We had the chance to see quite a bit of clusters in our years of experience with Kubernetes (both managed and unmanaged - on GCP, AWS and Azure), and we see some mistakes being repeated. No shame in that, we’ve done most of these too! Let’s try to show the ones we see very often and talk a bit about how to fix them.

1. resources - requests and limits

  • CPU request are usually either not set or sey very low (so that we can fit a lot of pods on each node) and nodes are thus over commited. In time of high demand the CPUs of the node are fully utilized and our workload is getting only “what it had requested” and gets CPU throttled, causing increased application latency, timeouts, etc.

  • On the other hand, having a CPU limit can unnecessarily throttle pods even if the node’s CPU is not fully utilized which again can cause increased latency.
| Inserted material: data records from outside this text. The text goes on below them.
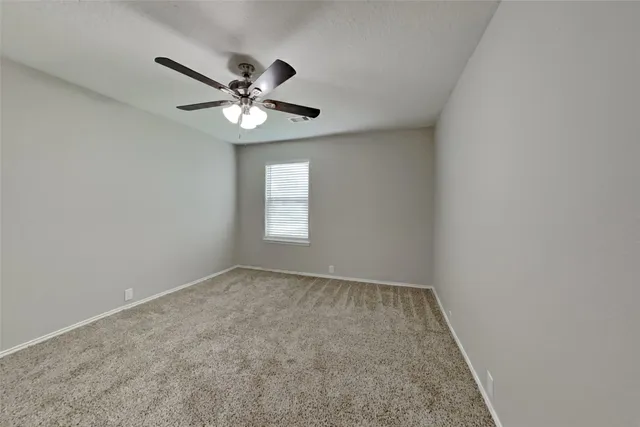 $2,195 | 14906 Sugarhollow Drive, Sugar Land, TX 77498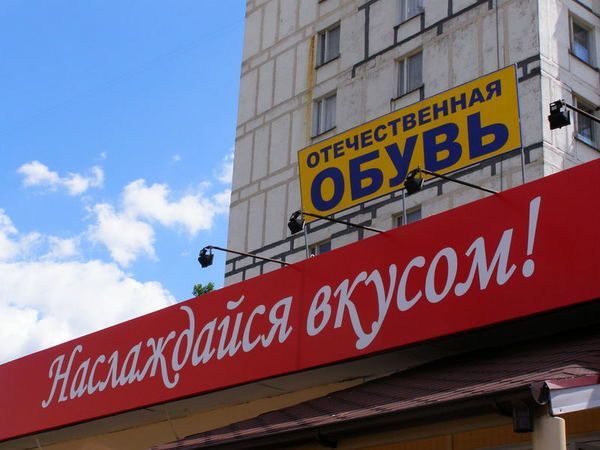 Давайте улыбаться вместе! :) (28улыбок)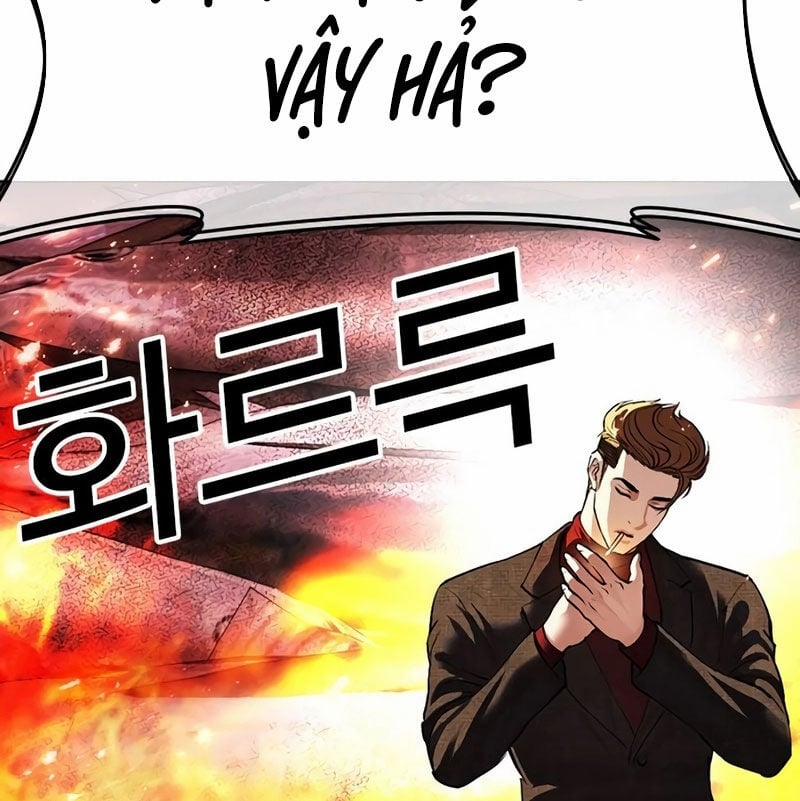 Hoán Đổi Diệu Kỳ 533 trang 109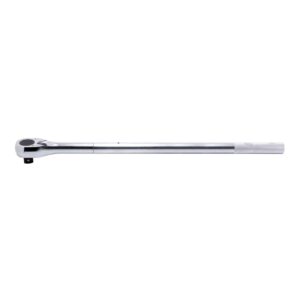 Koken 8749RK-1 Ratchet Repair Kit 1"Dr with Holes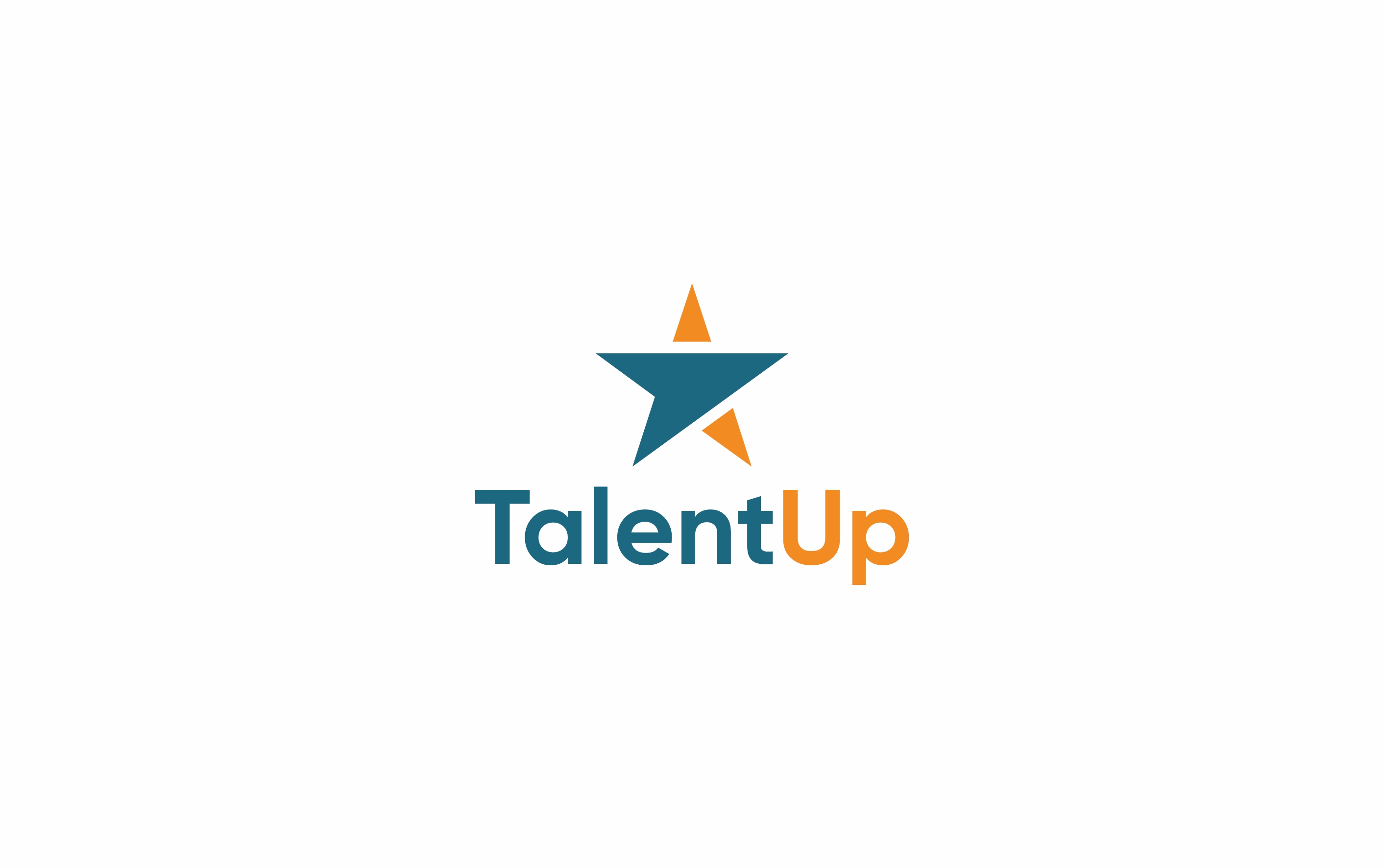 Logo Design by big daddy bojat for this project | Design #35340374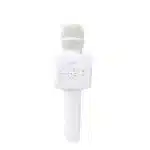 HOCO BK5 Cantando Karaoke Microphone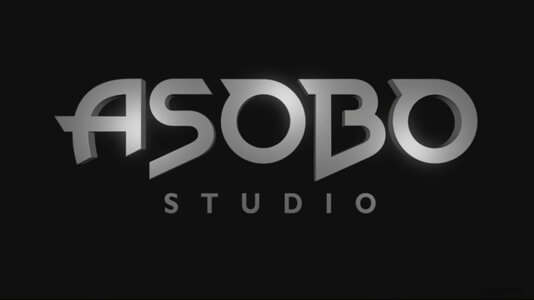 Все игры студии Asobo Studio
There is a an open discussion around CPU CFS quota in linux kernel and cpu throttling based on set spu limits and turning off the CFS queta. CPU limits can cause more problems than they solve. See more in the link below.
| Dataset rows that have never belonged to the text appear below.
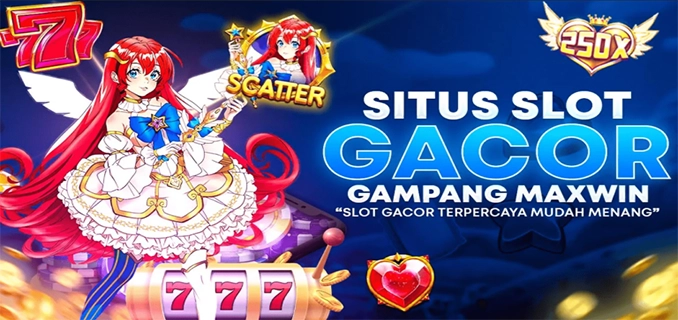 Pola Jitu99 Slot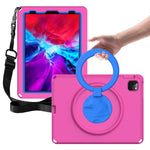 Custodia tablet antiurto EVA impermeabile per iPad mini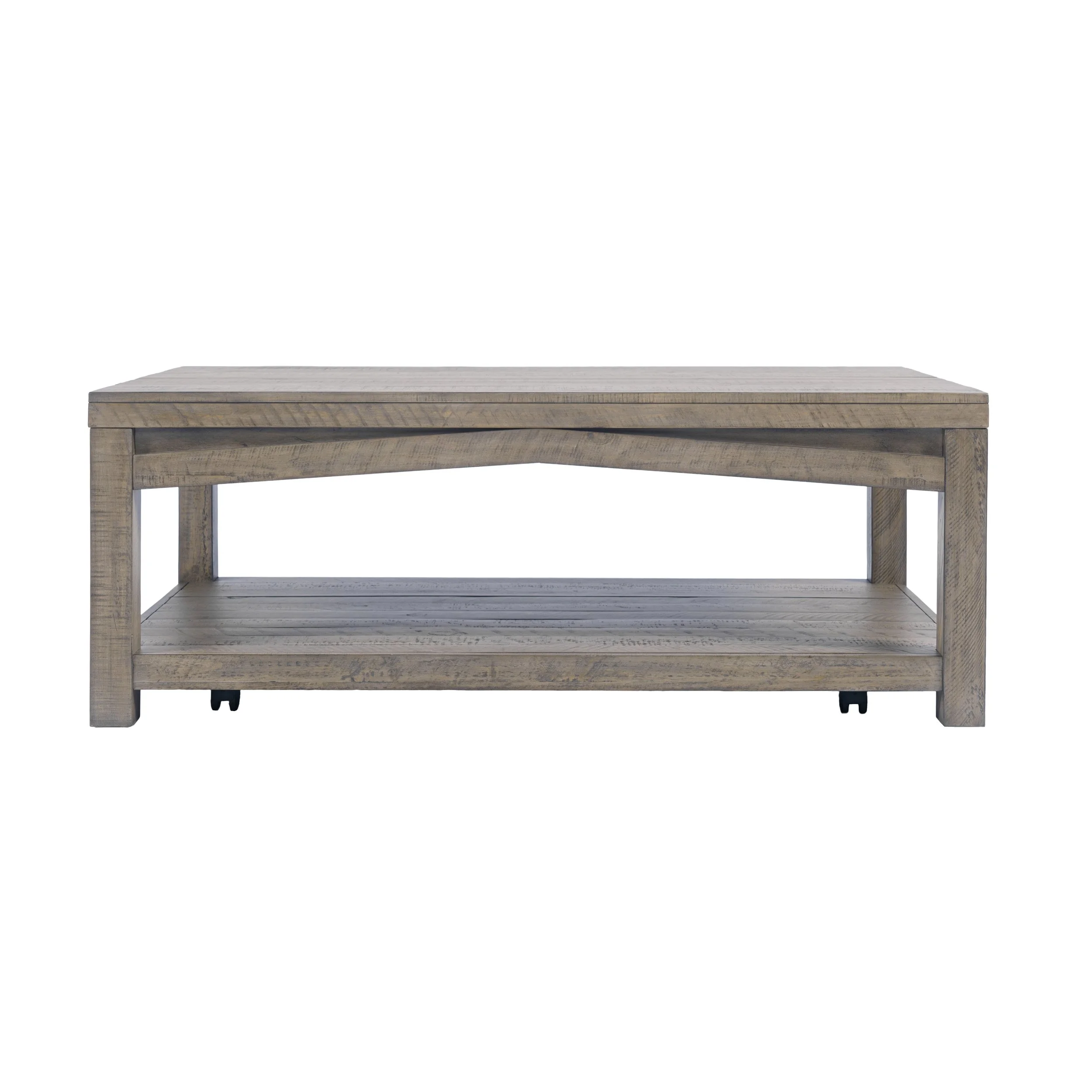 Coffee Tables — Jofran | All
  • Memory overcommiting can get you in more trouble. Reaching a CPU limit result in throttling, reaching memory limit will get your pod killed(OOMKill). If you want to minimize how often it can happen, don’t overcommit your memory and use Guaranteed Qos settign memory request equal to limit like in the example below. (reference)

  • Burstable (more likely to get OOMkilled more often):

    resources:
    requests:
    memory: "128Mi"
    cpu: "500m"
    limits:
    memory: "256Mi"
    cpu: 2
  • Guaranteed:

    resources:
    requests:
    memory: "128Mi"
    cpu: 2
    limits:
    memory: "128Mi"
    cpu: 2
  • You can see the current cpu and memory usage of pods (and containers in them) using metrics-server. It can help you when setting resources. Simply run these:

    Terminal window
    kubectl top pods
    kubectl top pods --containers
    kubectl top nodes
  • However these show just the current usage. That is great to get the rough idea about the numbers but you end up wanting to see these usage metrics in time (to answer questions like: what was the cpu usage in peak, yesterday morning, etc.). For that, you can use Prometheus, DataDog and many others. They just ingest the metrics from metrics-server and store them, then you can query & graph them.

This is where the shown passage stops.